Esses ataques reviveram todos os problemas traumáticos, ansiosos e depressivos. Vimos alguns pacientes retornarem com urgência.

Portadores agorafóbicos ou fóbicos descompensaram. Alguns pacientes alcoólatras têm sido particularmente desestabilizados e ansiosos. Deve-se dizer que o consumo excessivo de álcool é muitas vezes acompanhado por depressão e ansiedade, sintomas que foram exacerbados por esses eventos.
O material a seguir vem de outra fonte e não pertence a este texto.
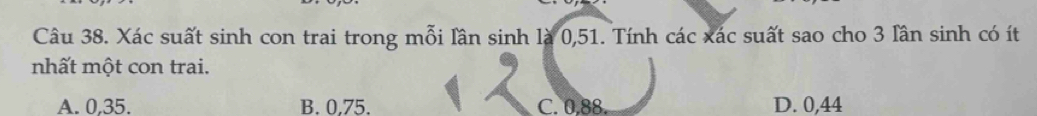 Xác suất sinh con trai trong mỗi lân sinh là 0, 51. Tính các xác suất sao cho 3 lần sinh có ít
nhất một con trai.
A. 0,35. B. 0.75. C. 0,88. D. 0,44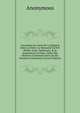 Anecdotes Sur L'etat De La Religion Dans La Chine: Le Memorial Du R.P. Michel-Ange Tambourin, & Sa Soumission Au Pape. Tables Des Matieres Contenues Dans Les Six Volumes D'anecdotes (French Edition), Heinrich Kretschmayr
Nos últimos dias, tenho visto muitas recaídas , incluindo incluído em pessoas que tiveram sucesso na redução do consumo de álcool ou estavam em processo de retirada. Algumas pessoas me disseram que se sentiram mal depois dos atentados

Mas eu também ouvi: "Saia, a vida é muito curta, eu não vou incomodar mais você. A maioria expressou um sentimento de insegurança e incerteza, não apenas por causa dos ataques, mas também em relação à atmosfera geral. As recidivas sempre ocorrem

após conflito emocional ou profissional ou trauma . Mas este foi particularmente poderoso. Ele afetou toda a população e ainda persiste O que fazer em caso de recaída?

Primeiro,

nunca dramatize . Os pacientes geralmente sentem um forte sentimento de culpa. A doença alcoólica é uma doença crônica com recaídas. Estamos aqui para ajudar estas pessoas a levantarem-se quando caírem. Em segundo lugar,

tem de falar imediatamente com o seu médico . Alguns pacientes não se atrevem a dizer que eles recaíram. Eles têm vergonha e medo de decepcionar. Mas a dimensão moral não tem lugar em consulta! Eles estão lá, acima de tudo, para eles e para sua saúde. Quanto mais cedo conseguirmos as coisas sob controle, melhor será o prognóstico. A recaída não significa, em hipótese alguma, um retorno à estaca zero. Deve ser visto como um simples passo em falso. A terapia irá retomar onde estava. Nesse contexto, é muito importante que os pacientes se lembrem de seus períodos de abstinência.